Scientifically, this gives you two complementary views of the same structure:

LahutaSystem.props for fast NumPy-style coordinate and label analysis.
topology.molecule() for chemistry graph traversal and atom/bond metadata.

You can also construct and edit molecules directly from lahuta.rdkit when needed, though we really do not recommend doing this, as it's not the intended usecase of Lahuta.

import numpy as np
from lahuta.rdkit import BondType, Conformer, RWMol

mol = RWMol()
c0 = mol.addAtom(6)  # carbon
c1 = mol.addAtom(6)  # carbon
o2 = mol.addAtom(8)  # oxygen
mol.addBond(c0, c1, BondType.SINGLE)
mol.addBond(c1, o2, BondType.SINGLE)

conf = Conformer(mol.getNumAtoms())
conf.setAllAtomPositions(
    np.array([[0.0, 0.0, 0.0], [1.5, 0.0, 0.0], [2.7, 0.0, 0.0]], dtype=np.float64)
)
mol.addConformer(conf, assign_id=True)

RDKit interop also works inside pipeline tasks.

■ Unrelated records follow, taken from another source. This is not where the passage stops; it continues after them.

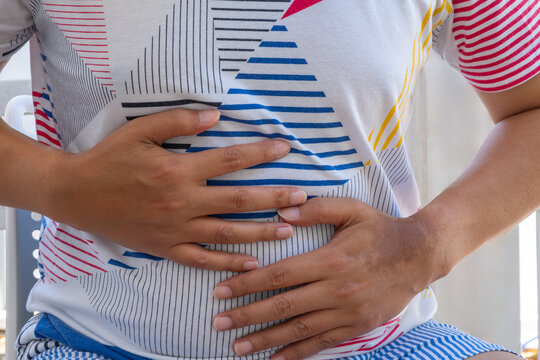 Abdominal pain&mdash;linked to internal organ issues like digestive inflammation or GI distress. Ideal for medical, gastro, or abdominal care ads.
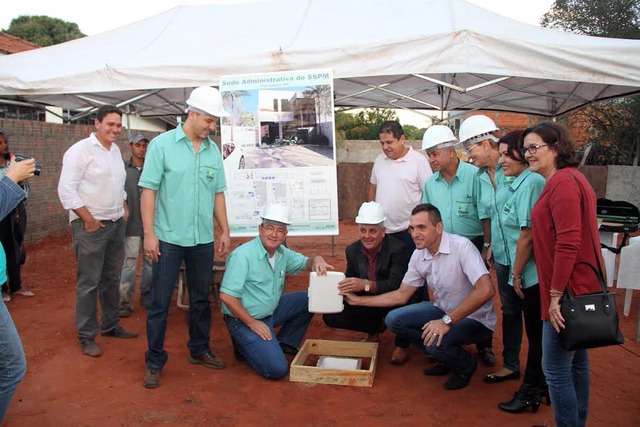 Emoção marca o lançamento da pedra fundamental da sede do Sindicato dos Servidores Públicos Municipal A construção da sede do sindicato será feita em um terreno cedido pela prefeitura (Foto/Assessoria)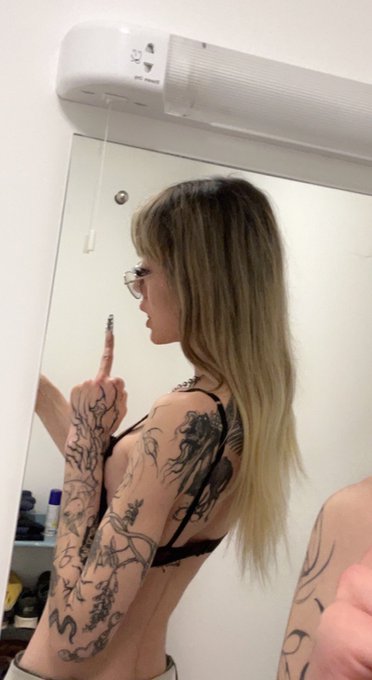 back tattoo doesn&rsquo;t get seen enough so I&rsquo;m posting https://t.co/q8zhc65dkH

If your task needs chemistry-level operations, depend on topology and then access ctx.get_topology().molecule().

from lahuta.pipeline import Pipeline, PipelineContext
from lahuta.sources import FileSource


def summarize_graph(ctx: PipelineContext) -> dict:
    top = ctx.get_topology()
    mol = top.molecule() if top is not None else None
    return {
        "atoms": int(mol.getNumAtoms()) if mol is not None else 0,
        "bonds": int(mol.getNumBonds()) if mol is not None else 0,
    }


p = Pipeline(FileSource(["core/data/ubi.cif"]))
p.add_task(name="graph_summary", task=summarize_graph, depends=["topology"])

For most users, the best default is to stay in Lahuta APIs first and use RDKit interop where you specifically need graph-centric chemistry features.